Still, the philosophy behind the plan
was sound.
Globally, about 80 per cent of all
greenhouse gas emissions are produced by consumers. We drive cars, we
turn on our coffee makers in the morning, we heat our homes in the
winter. Everything we do has a carbon footprint.
But the global numbers don't apply in
Alberta. Because of the energy intensity of Alberta's heavy industry,
our province produces a whopping 36 per cent of all the greenhouse
gases produced in Canada. Our oilsands projects trump the influence
of consumer emissions in our province, plus that of Ontario, or probably more.
That's why Suncor CEO Steve Williams is
on board with a new carbon tax for Alberta. That also influenced how
prime minister Stephen Harper recently set a national goal for Canada
to reduce greenhouse gas emissions by 30 per cent in 15 years.
Canada simply can't become a better
global citizen until we solve the problem of how to get those 168
billion barrels of oil out of the oilsands, using less energy.
Williams agrees to a carbon tax, but he
wants it to be universal. He wants the consumers to be involved. That
serves his purposes, because the vast majority of his customers burn Suncor's oil outside of Canada.
The federal government's plan is to
help Suncor and all the other oilsands conglomerates buy carbon
credits on the international market. No cap-and-trade for Canadians,
no sir, no way — but globally, the Harper government makes it the
cornerstone of our emissions reduction program. Go figure.
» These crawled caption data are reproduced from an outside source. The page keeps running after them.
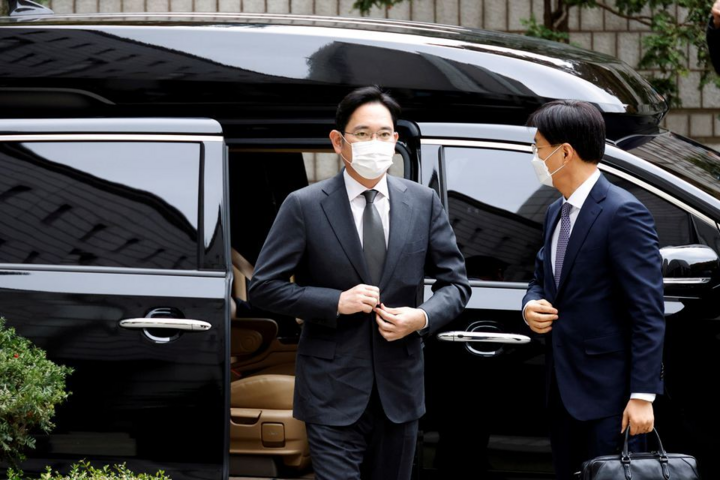 'Thái tử Samsung' Lee Jae-yong sắp được ra tù - 1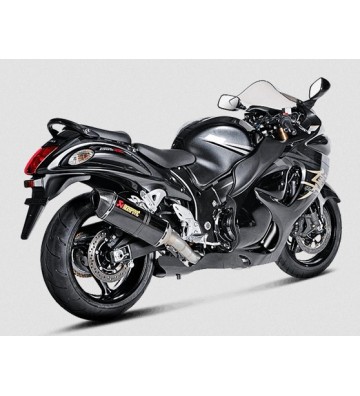 AKRAPOVIC Ponteiras de Escape para Hayabusa 08-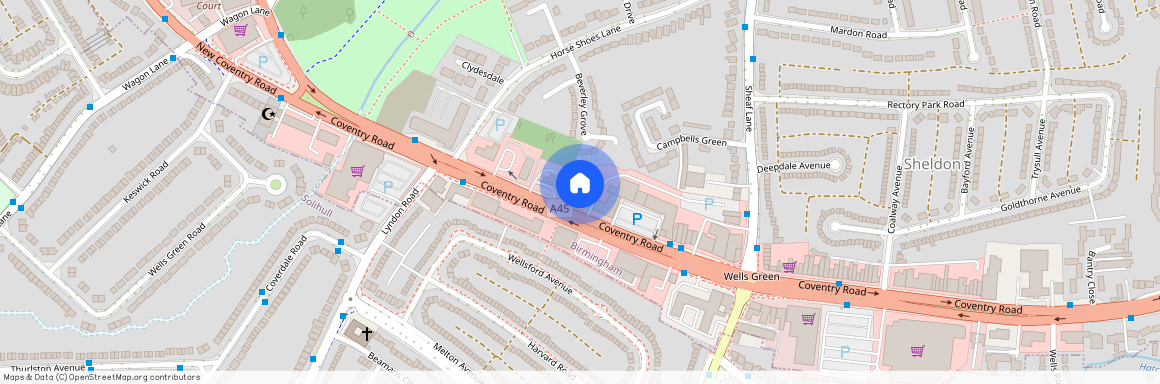 Coventry Road, Sheldon, Birmingham, West Midlands, B26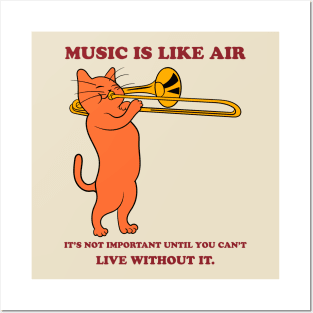 Music Is Life Posters and Art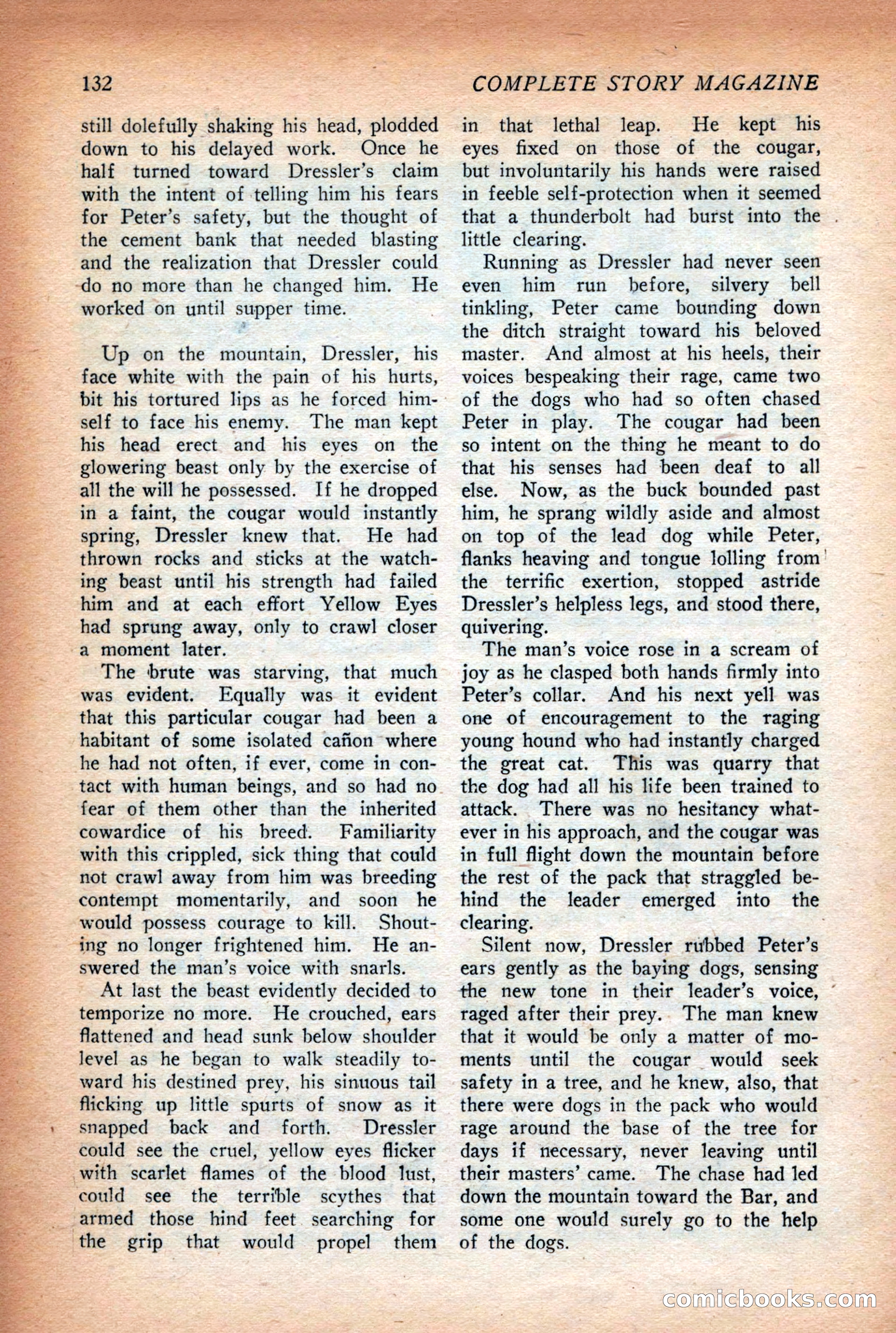Complete Story Magazine, Vol. 4, No. 2 — page 142 of 172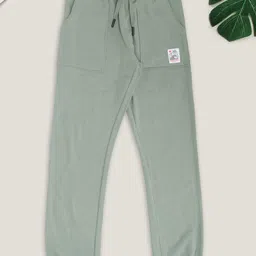 Pantaloons Junior Boys Pure Cotton Drawstring Joggers-picture-10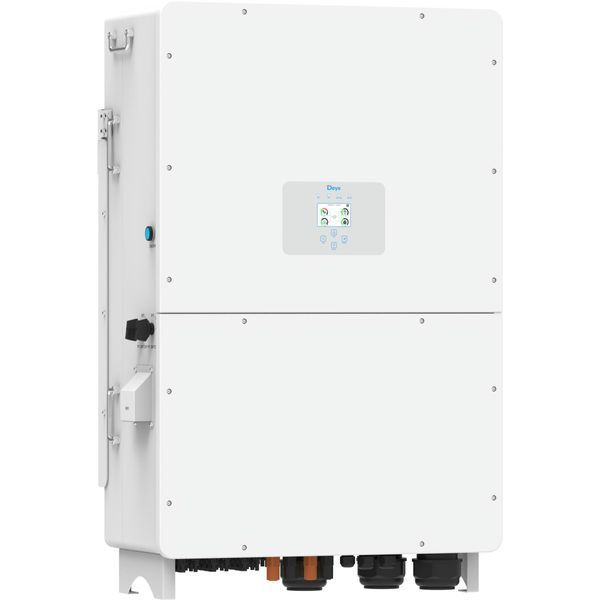 Гібридний інвертор DEYE SUN-125K 125kW 3-phase (SUN-125K-SG02HP3-EU-GM10) SUN-125K-SG02HP3-EU-GM10 фото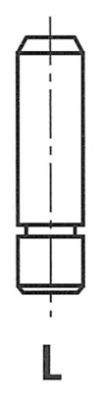 Valve Guide FRECCIA G11001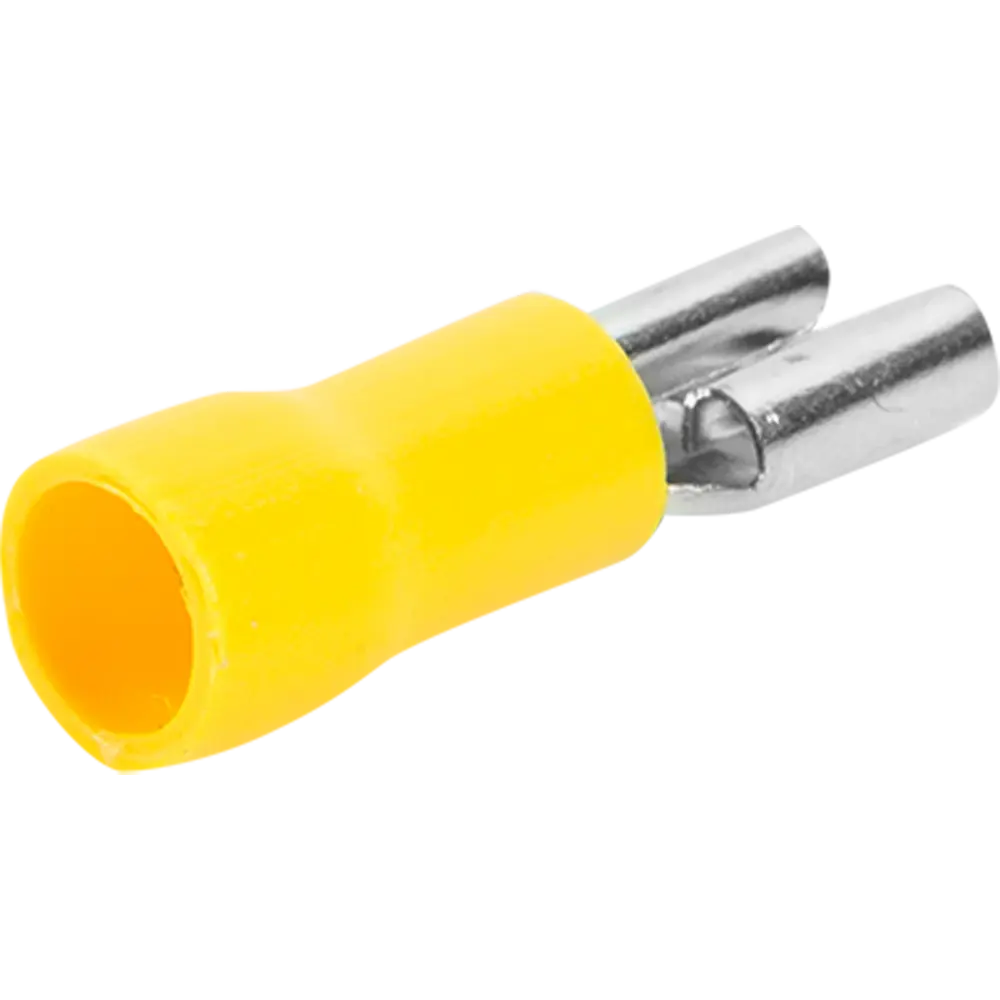 Duwi Плоский изолированный разъем мама 6-6.3 мм для проводов 4-6 мм² 82362446 STLM-1103934 - Вид №1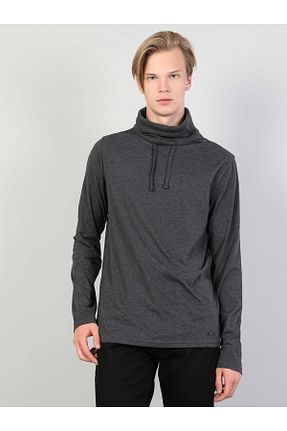 سوئیشرت طوسی مردانه ساده Colin’s - کد 3662081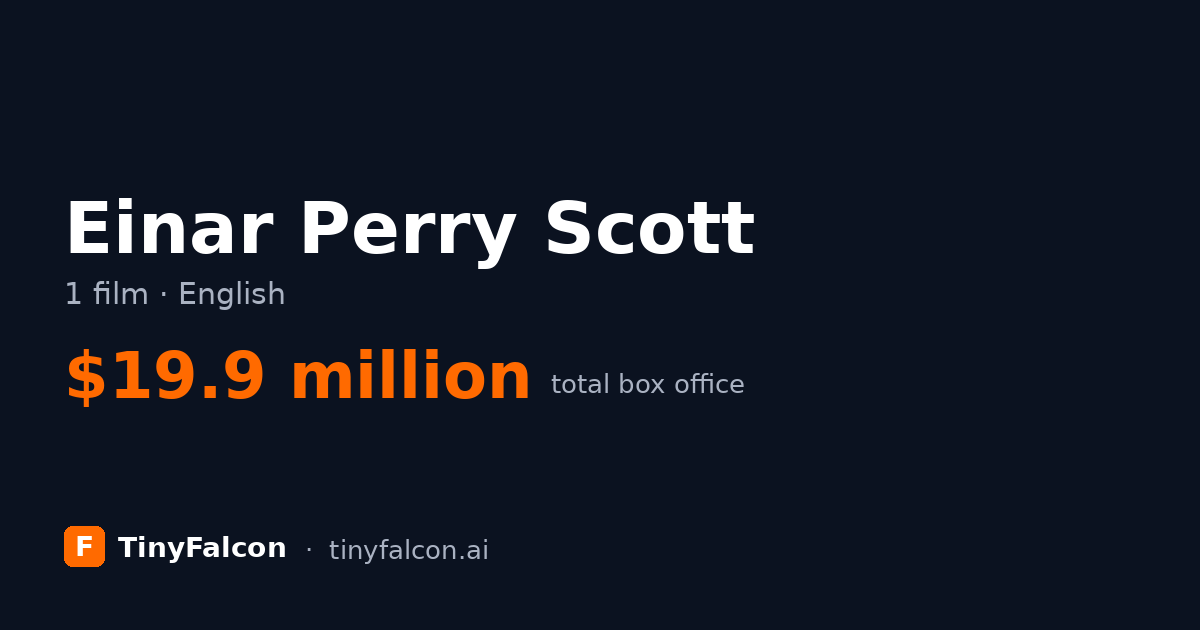 Einar Perry Scott
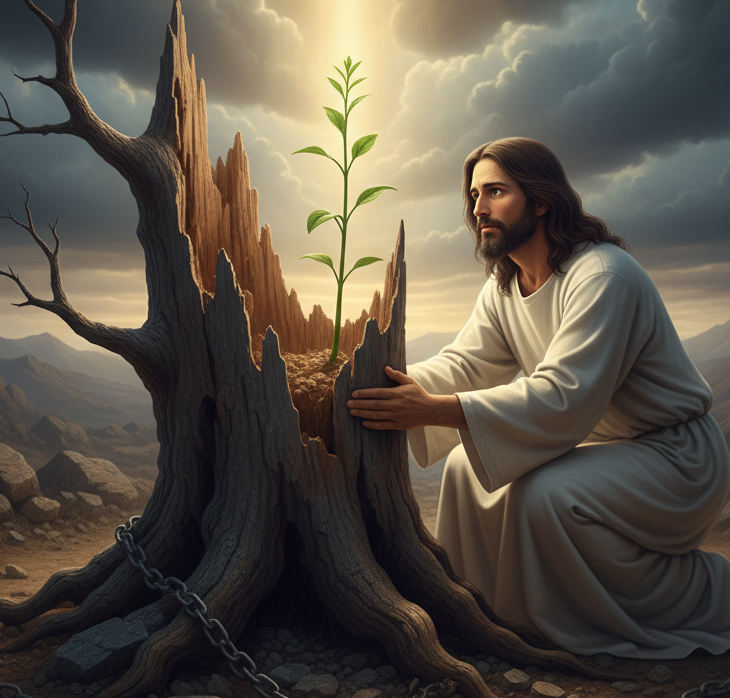 Fuerza en la debilidad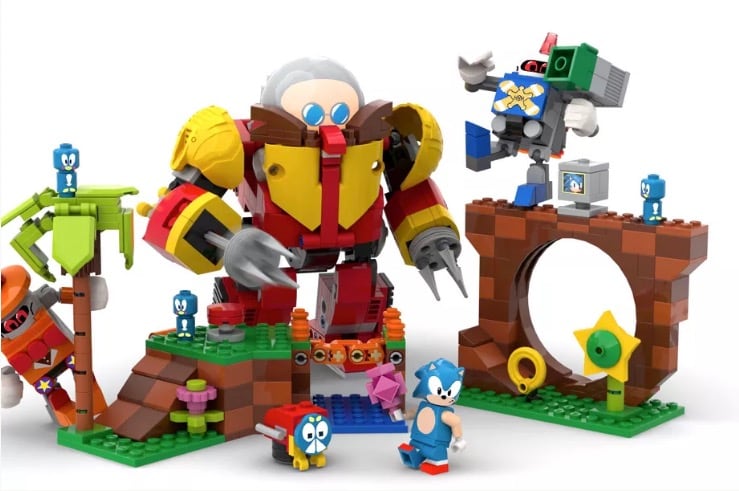 Sonic LEGO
In the past, Albertans derided a carbon
tax as merely a cash transfer from Alberta to the feds. Prime
minister Harper wants to go that one better — by transferring the
money right out of Canada.
I say we need a hybrid of the plans.
Williams is right: consumers do need to
know that what they do has a pollution price. In British Columbia,
that price (their carbon tax) replaces part of their income tax
system. Ride a bike to work, reduce your taxes. Lower the thermostat
a bit in the winter, reduce your taxes. Waste less, reduce your
taxes.
But that can't be the total answer in
Alberta. We could be pushing our bikes through deep snow (I've done
it, and it's hard), and shivering in our homes all winter, and still
not make a significant dent in Alberta's total emissions, because of
the oilsands.
Nobody can reasonably suggest we leave
the oilsands in the ground. No country sitting on 168 billion barrels
of crude would do that. None.
So if carbon credits need to be bought,
why not buy them from me? OK, and you.
We appear to have consensus here, so
tax both consumers and the big producers. Use the money to both
reduce the burden of other taxes and to encourage more non-fossil
energy sources. I can adapt my behaviour to fit the program.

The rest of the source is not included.